Tous les artistes

Thomas Fersen
- Date de naissance : 04/01/1963
- Lieu de naissance : Paris
- Nationalité : FRANCE
- Style musical : Chanson française
Média disponibles
Biographie
Thomas Fersen est né à Paris le 4 janvier 1963. A quatorze ans, sa mère lui offre une guitare. Seize ans plus tard, son premier opus "Le bal des oiseaux" est couronné aux Victoires de la Musique. En dix ans et cinq albums, tous disques d’or, Thomas Fersen s’est inventé un style qui ne ressemble qu’à lui. Ancien punk formé aux Clash, diplômé en électronique, cet auteur, compositeur, interprète fabuliste est un homme de bons mots héritier de l’humour vachard de Gainsbourg ou de Bobby Lapointe. Sur des ambiances intimes et jazzy, doté d’une voix délicatement enrouée, il plaque de douces musiques légères humoristes à souhait.

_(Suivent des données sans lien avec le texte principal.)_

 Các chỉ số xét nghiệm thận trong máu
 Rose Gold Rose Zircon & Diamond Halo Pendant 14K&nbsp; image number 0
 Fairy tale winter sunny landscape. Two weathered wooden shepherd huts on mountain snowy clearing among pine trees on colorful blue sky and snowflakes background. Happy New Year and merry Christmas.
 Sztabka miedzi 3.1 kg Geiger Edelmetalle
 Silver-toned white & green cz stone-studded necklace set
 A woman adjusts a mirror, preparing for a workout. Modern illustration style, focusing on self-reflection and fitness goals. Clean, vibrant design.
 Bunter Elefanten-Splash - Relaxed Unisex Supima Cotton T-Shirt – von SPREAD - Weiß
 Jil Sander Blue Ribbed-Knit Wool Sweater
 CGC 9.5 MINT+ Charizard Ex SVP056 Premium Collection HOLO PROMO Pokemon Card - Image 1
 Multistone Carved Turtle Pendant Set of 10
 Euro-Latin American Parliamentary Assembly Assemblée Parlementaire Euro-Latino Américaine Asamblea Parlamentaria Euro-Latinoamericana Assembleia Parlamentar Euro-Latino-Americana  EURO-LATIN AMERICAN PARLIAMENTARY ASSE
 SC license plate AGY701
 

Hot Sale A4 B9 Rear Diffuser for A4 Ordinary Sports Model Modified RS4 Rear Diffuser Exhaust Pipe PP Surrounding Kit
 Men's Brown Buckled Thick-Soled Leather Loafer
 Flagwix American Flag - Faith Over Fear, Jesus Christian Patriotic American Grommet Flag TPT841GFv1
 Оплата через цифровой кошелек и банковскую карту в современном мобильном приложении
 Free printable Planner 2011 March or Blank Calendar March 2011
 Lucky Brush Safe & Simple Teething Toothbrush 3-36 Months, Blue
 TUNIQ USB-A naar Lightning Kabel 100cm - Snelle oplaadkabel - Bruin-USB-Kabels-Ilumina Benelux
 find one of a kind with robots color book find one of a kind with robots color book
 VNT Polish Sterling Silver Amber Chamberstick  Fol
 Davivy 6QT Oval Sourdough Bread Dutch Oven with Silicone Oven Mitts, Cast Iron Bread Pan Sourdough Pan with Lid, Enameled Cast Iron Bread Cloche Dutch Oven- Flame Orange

Grand amateur d’animaux extravagants, du papillon à la blatte, de ronds de carottes et de femmes tout en rondeur, Fersen est l’ambassadeur d’un monde qu’il est le seul à savoir décrire. Qualifié de "Jean de La Fontaine" de la chanson française, il fait figure d’artiste à part avec ses chansons sans âge en forme d’inventaire à la Prévert. Précurseur de la nouvelle vague des chanteurs français, avec une légèreté coutumière, des mélodies alertes, Thomas Fersen est un prestidigitateur de mots et de sons. Sur la pochette de l'album "Pièce montée des grands jours" (2003), signée Mondino, il se présente une tête de porc coincée entre les cuisses. Onze chansons mettent en scène un polochon consolateur, un musicien trouillard, une araignée énorme dans un harmonium, un croque-mort morfal, une leçon d’évasion (en cachant une lime dans le pâté en croûte) chantée en duo avec Marie Trintignant…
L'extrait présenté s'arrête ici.